Isabel Fraile
En exceso se habló de aquellos esponsales, las peripecias vividas por la simplísima joven se extendieron de casa en casa, como si de la peste misma se tratara. Para tan magno suceso, Violante, cristiana vieja, quiso vestir sus mejores ropajes. De todos era sabido su gusto refinado, y la buena disposición económica en que la dejó su marido al partir cristianamente al cielo.
Y, siendo así, y queriendo lucir hermosa como única representante de la casa de su hermano, mandó llamar semanas antes del enlace a un mercader llegado de Oriente. No era la primera vez que la signora comerciaba con él, un hombre fuerte, de tez oscura, que la trataba con gran deferencia.
Hallábase examinando los artículos colocados con primor sobre el lecho, cuando su mirada se detuvo en un precioso jubón púrpura. El mercader le aseguró, zalamero, que la prenda tenía una calidad envidiable y se adaptaba a la figura como una segunda piel, ese fue motivo más que suficiente para que pagara gustosa el precio que le demandó.

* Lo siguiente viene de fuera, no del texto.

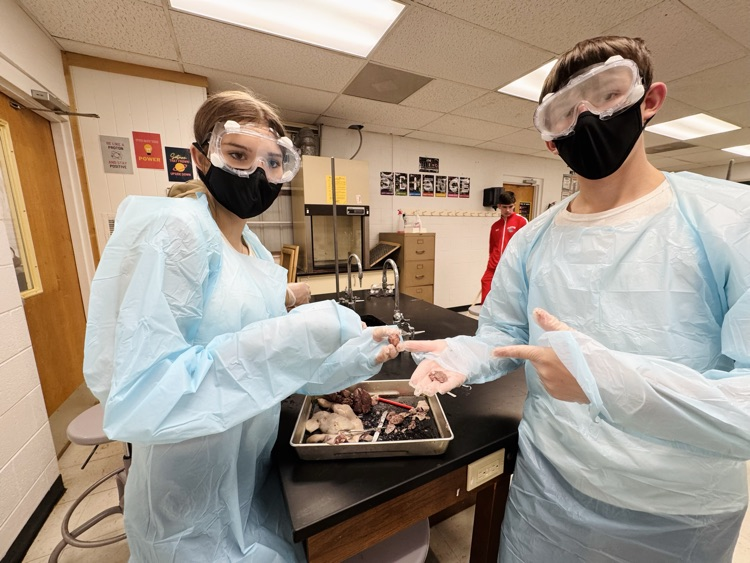 lab
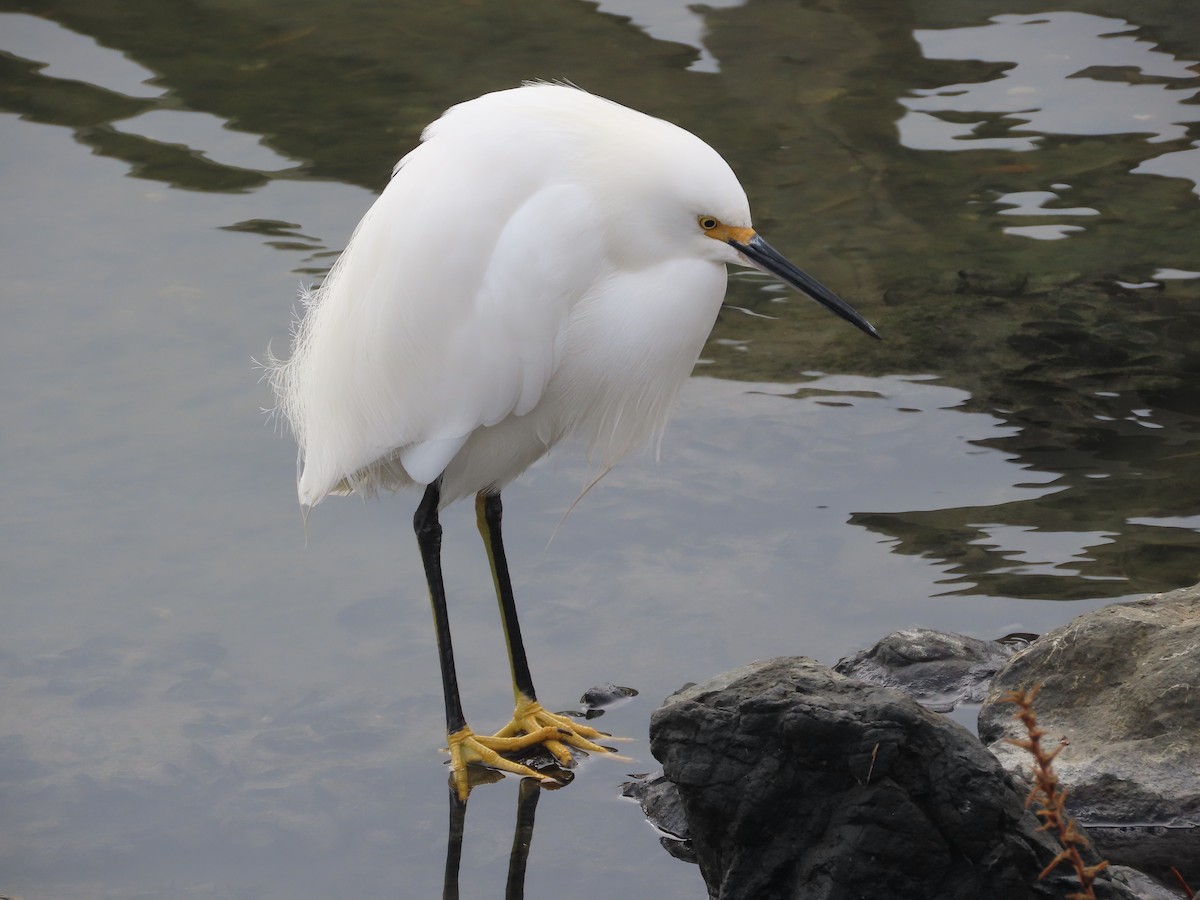 Snowy Egret - ML646488343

Una vez que quedó sola en su aposento, se arrodilló en el reclinatorio y comenzó a rezar diciendo:
- Señor, tú sabes que soy mujer piadosa, doy mi óbolo a la Iglesia y me preocupo por los pobres, en lo que está en mi mano. También sabes los sofocos que sufro cada vez que el mercader viene a esta casa para enseñar su mercancía. Llevo muchos años sin esposo y mi jardín aún florece a menudo. Pero, sobre todo, cuando veo y huelo al proveedor de mis vestidos.
Mientras así oraba, dábase golpes en el pecho para expiar su culpa. Pues, como ya hemos dicho, era cristiana vieja y su mayor anhelo era ser agradable a los ojos de Dios.

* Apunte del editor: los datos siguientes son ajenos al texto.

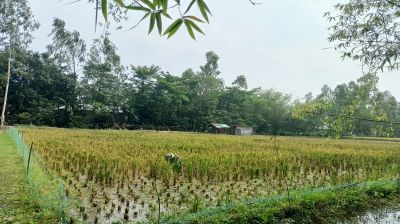 সুন্দরগঞ্জে বিরোধীয় জমির ধান কর্তন, হয়রানির অভিযোগ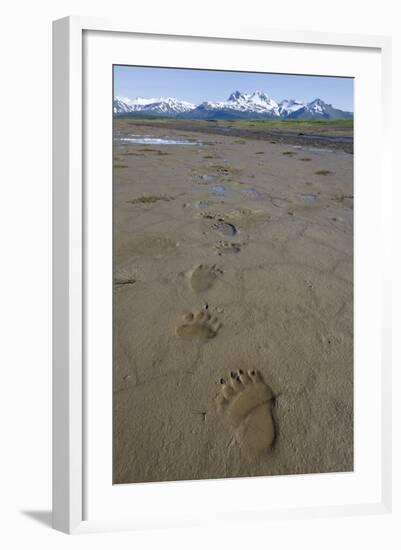 Brown Bear Tracks at Hallo Bay in Katmai National Park-Paul Souders-Framed Photographic Print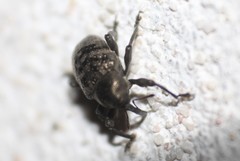 Chalcodermus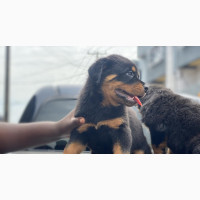 Female Purebred Rottweiler Puppies Available
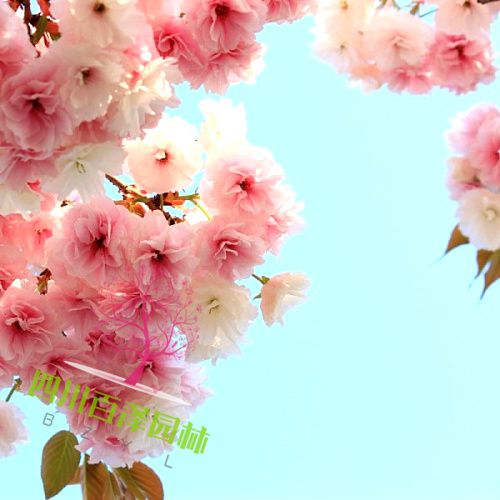 櫻花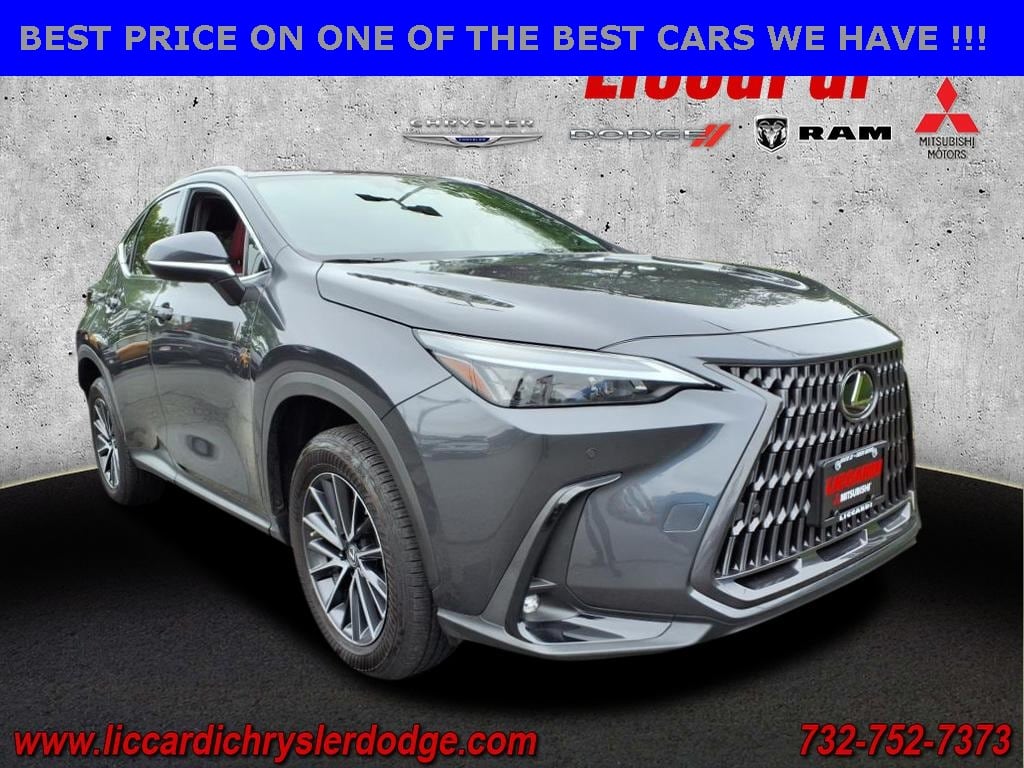 2022 Lexus NX 350's photo
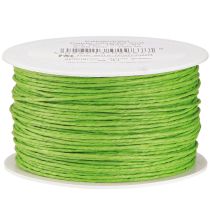 Prodotto Cordino di carta avvolto in filo Ø2mm 100m verde mela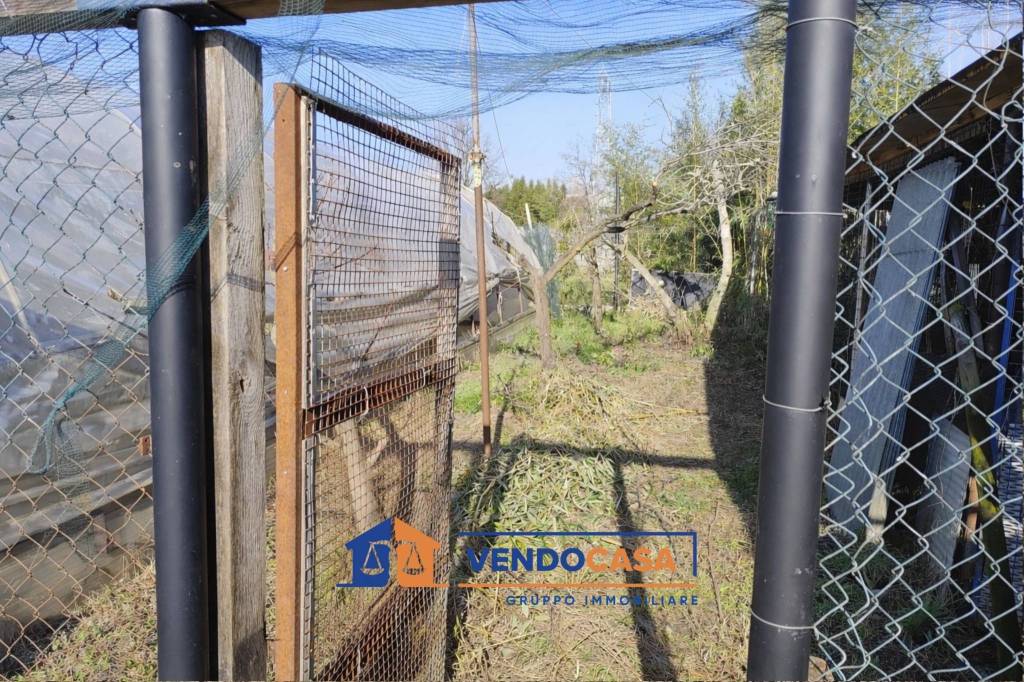 immagine annuncio 7 di 12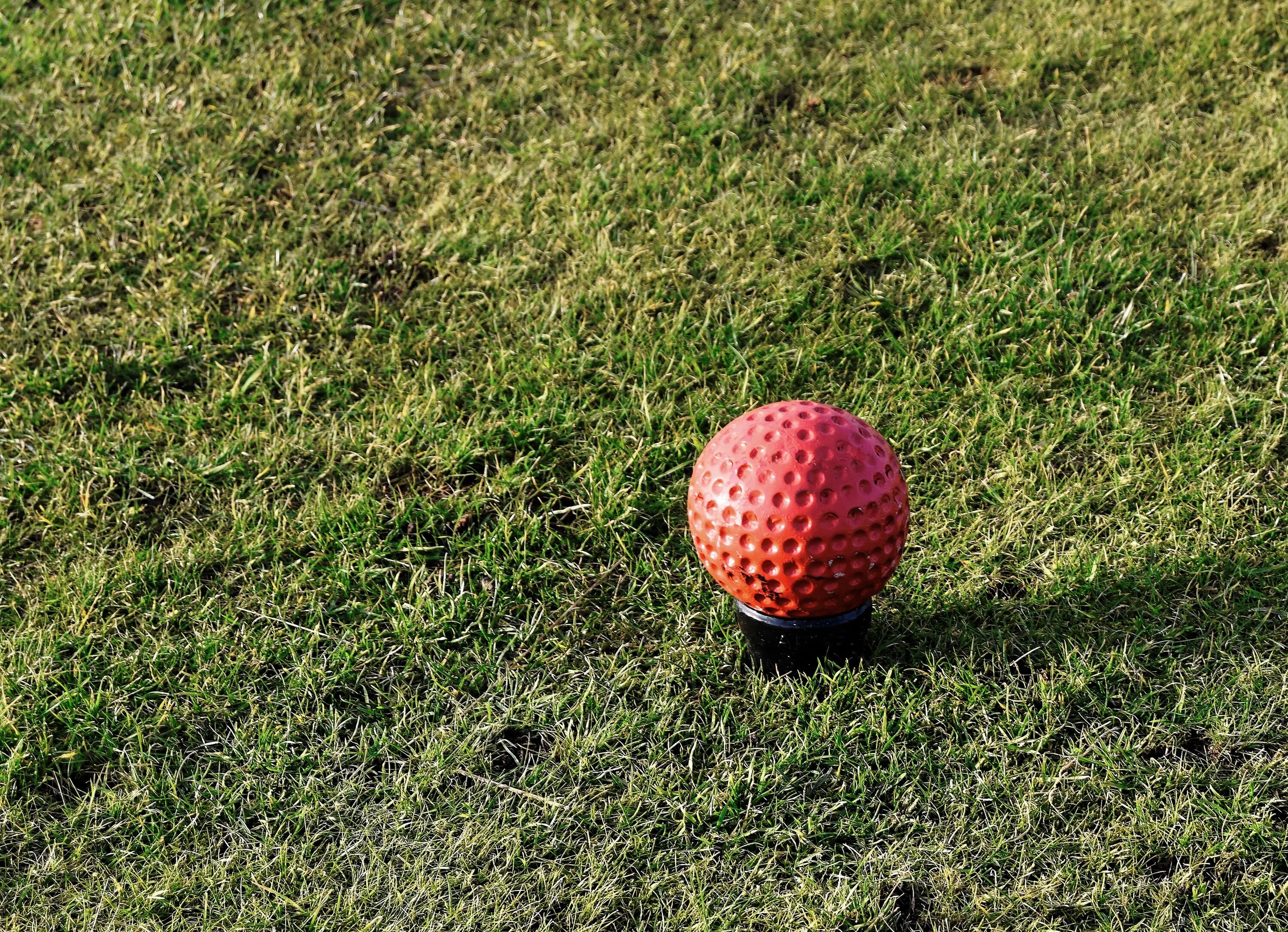 Игра мяч на траве. Мячик для гольфа. Красный мяч. Трава для игры. Мяч на траве.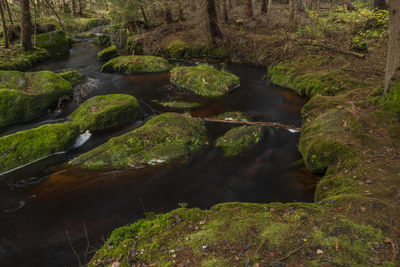 Stream flowing through rocks in forest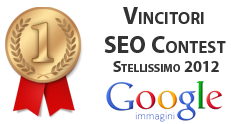 Posizionamento sui Motori di Ricerca: Premio SEO Contest 2012
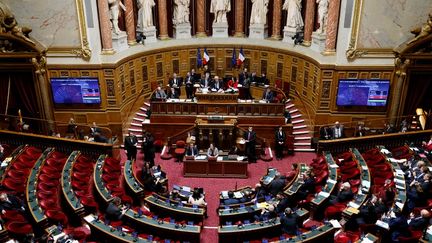 Le Sénat, à Paris, le 1er février 2023. (LUDOVIC MARIN / AFP)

Llegado por fin el día de los esponsales, Violante, al vestirse el jubón, se sintió hermosa como nunca. Cierto es, parece fundirse con la piel, se dice, mientras frente al espejo da vueltas sobre sí misma emulando a algunas de las mozas que sirven en la casa. El púrpura de la suave tela, reflejado en sus mejillas, dota de un brillo malévolo a los ojos. Como por arte de encantamiento su sentir piadoso queda hecho cenizas, y su pensamiento la lleva hasta la figura del apuesto mercader.
La próxima vez seré yo quien le ofrezca mi mercancía. Y, mientras así medita, las campanas de la iglesia, al repicar, anuncian los esponsales.